DATASET ENTRIES section start
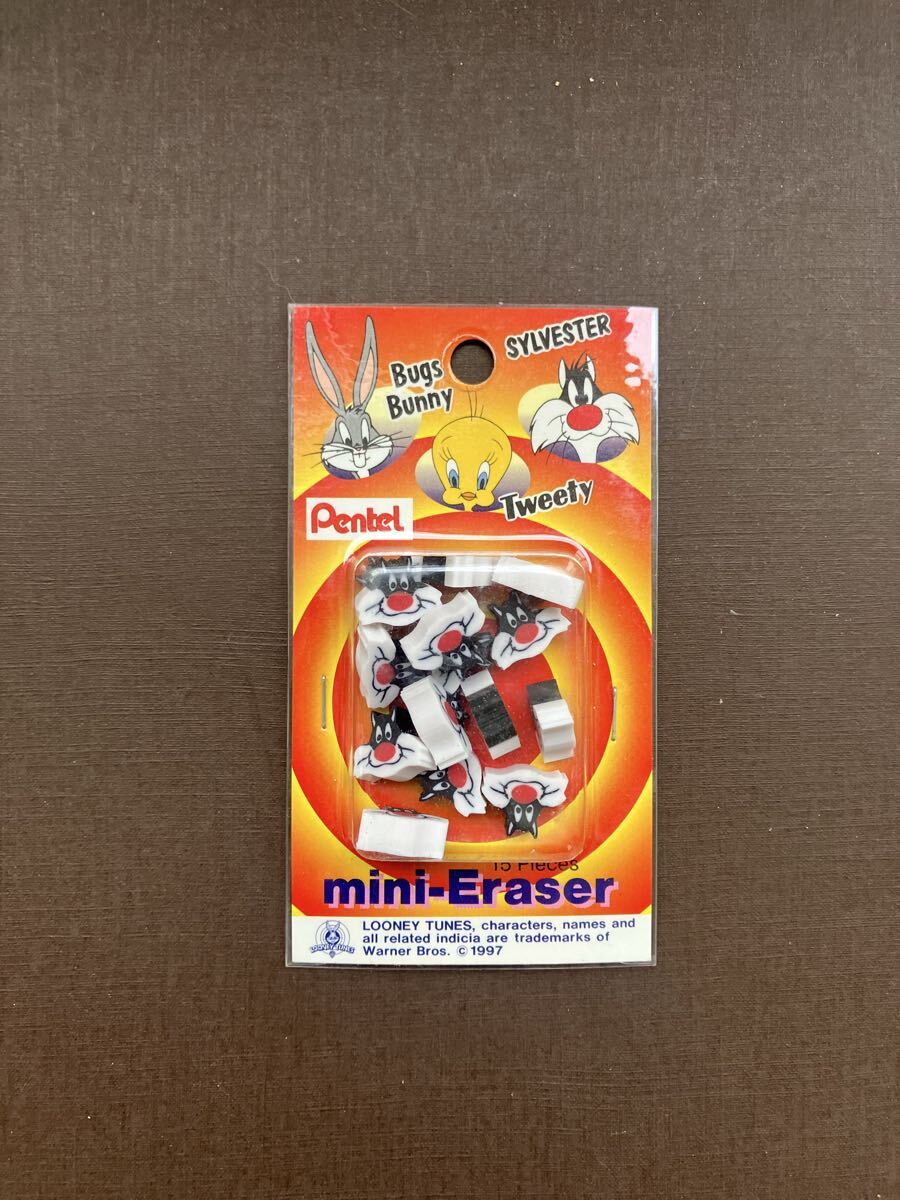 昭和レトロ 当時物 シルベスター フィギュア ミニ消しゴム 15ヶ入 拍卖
DATASET ENTRIES section end
DATASET ENTRIES section start
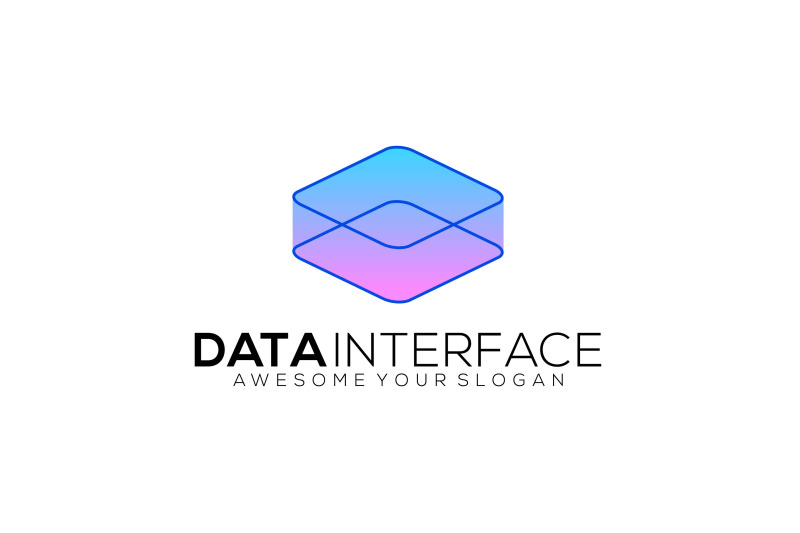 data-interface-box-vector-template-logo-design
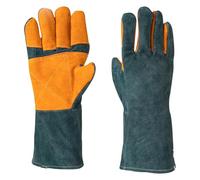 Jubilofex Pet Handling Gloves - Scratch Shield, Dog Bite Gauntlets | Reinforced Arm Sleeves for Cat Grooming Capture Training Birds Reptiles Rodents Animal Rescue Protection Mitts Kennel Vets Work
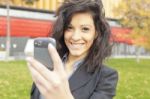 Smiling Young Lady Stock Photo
DATASET ENTRIES section end
DATASET ENTRIES section start
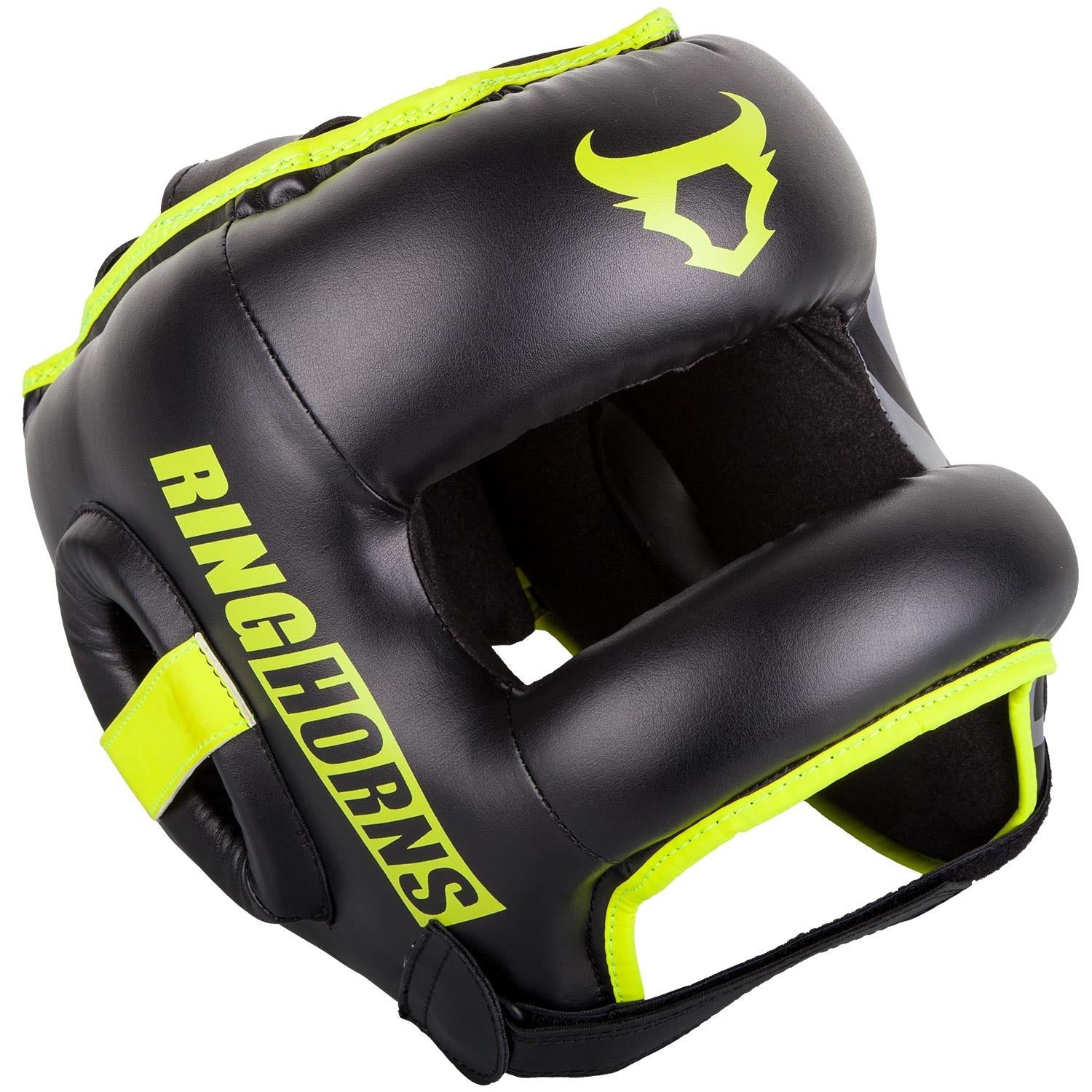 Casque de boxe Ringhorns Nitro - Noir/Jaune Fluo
DATASET ENTRIES section end
WHAT IS NEEDED
Repeat, word for word, the lines of the material above from the one holding "data-interface-box-vector-template-logo-design" through the one holding "Smiling Young Lady Stock Photo". Leave out pictures.

OUTPUT OF THE TASK
 data-interface-box-vector-template-logo-design
 Jubilofex Pet Handling Gloves - Scratch Shield, Dog Bite Gauntlets | Reinforced Arm Sleeves for Cat Grooming Capture Training Birds Reptiles Rodents Animal Rescue Protection Mitts Kennel Vets Work
 Smiling Young Lady Stock Photo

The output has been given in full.